И далее в речи этого Стародума (был, конечно, какой-то прообраз его и в действительной жизни — среди белёвских знакомых) Жуковский раскрывает свои представления о журнале: «До сих пор «Вестник Европы», — скажу искренне, — был моим любимым русским журналом... Обязанность журналиста — под маскою занимательного и приятного скрывать полезное и наставительное. Средства бесчисленны: к его услугам богатства литературы чужестранной и собственной, искусства и науки; бери что угодно и где угодно; единственное условие — разборчивость... Первое достоинство журнала — разнообразие... Ожидаю великой пользы от хорошего журнала в России!.. хороший журнал действует вдруг и на многих; одним ударом приводит тысячи голов в движение... Итак, существенная польза журнала — не говоря уже о приятности минутного занятия — состоит в том, что он скорее всякой другой книги распространяет полезные идеи, образует разборчивость вкуса, и, главное, приманкою новости, разнообразия, легкости незаметно привлекает к занятиям более трудным, усиливает охоту читать, и читать с целью, с выбором, для пользы!.. Охота читать книги — очищенная, образованная — сделается общею; просвещение исправит понятия о жизни, о счастии; лучшая, более благородная деятельность оживит умы».
Какой замах! И возможно ли осуществить столь широкую программу воспитания общества? Возможно или нет — об этом Жуковский не думал. В словах Стародума он поставил перед собой (и перед другими журналистами) идеал. И немедленно начал идти к нему.

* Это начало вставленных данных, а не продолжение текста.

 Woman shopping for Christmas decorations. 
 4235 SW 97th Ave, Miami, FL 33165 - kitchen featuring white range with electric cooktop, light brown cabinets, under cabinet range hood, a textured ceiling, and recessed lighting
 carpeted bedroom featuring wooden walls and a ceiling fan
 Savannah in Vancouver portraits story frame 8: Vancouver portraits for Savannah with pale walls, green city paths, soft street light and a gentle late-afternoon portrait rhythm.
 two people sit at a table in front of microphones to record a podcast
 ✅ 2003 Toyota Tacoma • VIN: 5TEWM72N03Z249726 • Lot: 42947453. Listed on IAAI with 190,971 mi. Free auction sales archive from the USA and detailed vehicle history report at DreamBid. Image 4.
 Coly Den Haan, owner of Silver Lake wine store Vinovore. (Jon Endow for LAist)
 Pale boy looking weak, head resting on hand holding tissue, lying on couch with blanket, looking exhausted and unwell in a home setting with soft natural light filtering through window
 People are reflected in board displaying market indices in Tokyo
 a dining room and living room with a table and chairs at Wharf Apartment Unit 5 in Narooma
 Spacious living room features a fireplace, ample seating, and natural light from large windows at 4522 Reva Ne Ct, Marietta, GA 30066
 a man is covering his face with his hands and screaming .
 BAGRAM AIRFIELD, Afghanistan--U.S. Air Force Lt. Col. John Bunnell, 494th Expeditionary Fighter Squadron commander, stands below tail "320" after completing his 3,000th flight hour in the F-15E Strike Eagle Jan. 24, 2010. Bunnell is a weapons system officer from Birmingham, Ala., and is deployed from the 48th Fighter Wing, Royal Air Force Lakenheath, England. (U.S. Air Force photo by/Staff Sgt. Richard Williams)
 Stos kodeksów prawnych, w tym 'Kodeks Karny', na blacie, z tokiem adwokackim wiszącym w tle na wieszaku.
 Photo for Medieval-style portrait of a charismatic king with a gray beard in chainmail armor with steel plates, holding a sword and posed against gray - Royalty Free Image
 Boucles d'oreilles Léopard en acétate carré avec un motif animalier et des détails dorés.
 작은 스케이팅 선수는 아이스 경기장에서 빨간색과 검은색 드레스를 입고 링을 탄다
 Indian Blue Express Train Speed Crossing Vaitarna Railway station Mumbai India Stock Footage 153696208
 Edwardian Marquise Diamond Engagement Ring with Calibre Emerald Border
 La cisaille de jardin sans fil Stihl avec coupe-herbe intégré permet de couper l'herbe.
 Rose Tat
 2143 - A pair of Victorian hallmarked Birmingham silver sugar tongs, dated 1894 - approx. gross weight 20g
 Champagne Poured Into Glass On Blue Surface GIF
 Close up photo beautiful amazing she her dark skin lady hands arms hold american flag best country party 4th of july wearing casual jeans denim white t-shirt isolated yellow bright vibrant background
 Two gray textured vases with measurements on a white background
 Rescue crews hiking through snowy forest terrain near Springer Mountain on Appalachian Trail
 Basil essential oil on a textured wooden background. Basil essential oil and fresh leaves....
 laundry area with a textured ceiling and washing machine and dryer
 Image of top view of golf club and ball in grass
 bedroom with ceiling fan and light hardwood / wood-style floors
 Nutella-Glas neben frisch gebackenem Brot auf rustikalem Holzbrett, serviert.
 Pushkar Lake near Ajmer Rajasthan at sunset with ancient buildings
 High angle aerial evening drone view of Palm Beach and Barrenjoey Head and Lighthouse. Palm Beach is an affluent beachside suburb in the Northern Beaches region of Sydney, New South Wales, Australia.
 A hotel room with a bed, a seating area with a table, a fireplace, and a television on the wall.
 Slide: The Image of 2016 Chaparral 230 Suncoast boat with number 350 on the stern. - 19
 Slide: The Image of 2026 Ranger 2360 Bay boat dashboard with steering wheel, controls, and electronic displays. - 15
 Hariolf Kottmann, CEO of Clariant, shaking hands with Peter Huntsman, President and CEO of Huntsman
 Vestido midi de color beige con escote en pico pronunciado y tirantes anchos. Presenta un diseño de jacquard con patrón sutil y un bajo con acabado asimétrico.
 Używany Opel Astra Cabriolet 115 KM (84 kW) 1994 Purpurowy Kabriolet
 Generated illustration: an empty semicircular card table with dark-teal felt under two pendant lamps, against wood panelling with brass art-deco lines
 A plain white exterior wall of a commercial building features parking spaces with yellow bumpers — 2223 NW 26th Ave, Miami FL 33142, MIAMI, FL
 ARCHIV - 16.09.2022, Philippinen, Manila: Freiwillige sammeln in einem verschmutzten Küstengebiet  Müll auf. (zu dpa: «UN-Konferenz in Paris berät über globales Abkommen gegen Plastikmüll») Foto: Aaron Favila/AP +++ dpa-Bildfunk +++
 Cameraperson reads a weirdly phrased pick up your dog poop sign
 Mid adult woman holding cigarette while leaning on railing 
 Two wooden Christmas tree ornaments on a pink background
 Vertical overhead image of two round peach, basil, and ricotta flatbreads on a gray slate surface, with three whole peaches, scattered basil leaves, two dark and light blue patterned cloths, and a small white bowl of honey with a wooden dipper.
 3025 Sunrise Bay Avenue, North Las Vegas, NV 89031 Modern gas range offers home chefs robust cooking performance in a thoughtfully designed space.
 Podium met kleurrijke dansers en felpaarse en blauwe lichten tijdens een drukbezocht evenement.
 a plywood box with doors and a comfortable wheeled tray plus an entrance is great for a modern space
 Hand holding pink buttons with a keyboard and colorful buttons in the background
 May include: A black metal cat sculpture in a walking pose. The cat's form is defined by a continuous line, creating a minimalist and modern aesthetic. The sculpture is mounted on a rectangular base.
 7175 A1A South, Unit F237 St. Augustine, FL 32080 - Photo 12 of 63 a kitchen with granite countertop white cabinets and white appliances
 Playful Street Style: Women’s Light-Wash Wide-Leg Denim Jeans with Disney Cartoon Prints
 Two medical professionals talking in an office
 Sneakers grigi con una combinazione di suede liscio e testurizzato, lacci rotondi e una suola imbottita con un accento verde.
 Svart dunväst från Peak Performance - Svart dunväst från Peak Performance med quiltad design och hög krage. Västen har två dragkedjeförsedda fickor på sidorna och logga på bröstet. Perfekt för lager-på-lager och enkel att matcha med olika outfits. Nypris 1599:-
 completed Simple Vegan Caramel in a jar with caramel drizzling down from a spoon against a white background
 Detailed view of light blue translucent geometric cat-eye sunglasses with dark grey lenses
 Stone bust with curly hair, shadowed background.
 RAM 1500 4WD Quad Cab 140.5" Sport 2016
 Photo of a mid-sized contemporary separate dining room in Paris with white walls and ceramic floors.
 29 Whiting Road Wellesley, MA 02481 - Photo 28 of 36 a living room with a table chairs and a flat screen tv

Когда вышла из печати вся первая часть, Жуковский отдал переплести несколько экземпляров и выслал в Белёв. «Вестник всех нас восхищает, прекрасно! прекрасно! — писала Екатерина Афанасьевна Жуковскому. — Базиль, мы уже все раза по три его прочли». Далее она сообщает простодушное мнение одного из соседских помещиков — как это мог молодой человек «осмелиться такой журнал издавать», что ему «надобно для сего иметь сношение со всеми государственными кабинетами, знать секреты всех дворов», и что он, Жуковский, «далее своего носу ничего не видал»... Екатерина Афанасьевна особенно похвалила «Письмо к издателю» и перевод из Гарве («Подарок на Новый год», — рассказ о том, как мать подарила своей дочери Марии тетрадь для ведения дневника и записи размышлений). «Мы, мой друг, — продолжает то же письмо Марья Григорьевна Бунина, — все без ума от твоего Вестника, не только читаем, но даже учим».